Model uncertainty and ergodicity
from Lars Syll
Post Keynesian authors have offered various classifications of uncertainty … A common distinction is that of epistemological versus ontological uncertainty, with the former depending on the limitations of human reasoning and the latter on the actual nature of social systems …
Models of ontological uncertainty tend to hinge on the existence of information that is critical to the decision-making task. Fundamental uncertainty occurs in “situations in which at least some essential information about future events cannot be known at the moment of decision because this information does not exist and cannot be inferred from any existing data set” (Dequech 1999, 415-416). For Davidson (1991, 131), “true” uncertainty arises when “the decision maker believes that no information regarding future prospects exists today and therefore the future is not calculable.”

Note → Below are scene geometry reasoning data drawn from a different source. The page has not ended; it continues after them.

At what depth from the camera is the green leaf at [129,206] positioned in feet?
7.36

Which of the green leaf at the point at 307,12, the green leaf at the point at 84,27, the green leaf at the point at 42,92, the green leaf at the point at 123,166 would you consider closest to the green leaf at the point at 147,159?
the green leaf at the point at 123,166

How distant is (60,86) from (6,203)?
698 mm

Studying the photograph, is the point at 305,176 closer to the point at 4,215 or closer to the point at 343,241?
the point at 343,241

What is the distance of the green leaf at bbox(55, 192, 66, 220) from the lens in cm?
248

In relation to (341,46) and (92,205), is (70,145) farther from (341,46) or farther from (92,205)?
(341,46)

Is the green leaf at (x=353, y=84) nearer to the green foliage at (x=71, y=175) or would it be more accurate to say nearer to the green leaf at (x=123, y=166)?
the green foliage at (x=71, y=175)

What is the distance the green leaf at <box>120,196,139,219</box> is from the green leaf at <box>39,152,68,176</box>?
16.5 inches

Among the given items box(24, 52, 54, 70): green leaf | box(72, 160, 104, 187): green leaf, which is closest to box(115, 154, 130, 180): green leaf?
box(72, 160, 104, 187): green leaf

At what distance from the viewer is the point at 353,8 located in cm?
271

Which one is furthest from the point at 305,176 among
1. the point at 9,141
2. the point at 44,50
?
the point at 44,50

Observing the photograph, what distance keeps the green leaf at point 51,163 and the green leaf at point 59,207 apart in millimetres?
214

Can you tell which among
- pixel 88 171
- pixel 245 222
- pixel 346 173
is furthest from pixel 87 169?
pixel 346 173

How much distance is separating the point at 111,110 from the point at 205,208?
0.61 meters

In the model-based view of uncertainty, by contrast, it is not the existence of information that determines uncertainty, but the credibility of the model(s) used to encode available information. By focusing on the existence of information, or its completeness, these Post Keynesian accounts of ontological uncertainty implicitly accept the possibility that if economic agents had sufficient information they could apply that information to a model without uncertainty. Yet a suitably complex deterministic system … can prompt model uncertainty even if future outcomes are in principle knowable … Model uncertainty is thus epistemological rather than ontological in nature. It occurs even in environments with stable data generating processes.
An interesting paper that merits a couple of comments.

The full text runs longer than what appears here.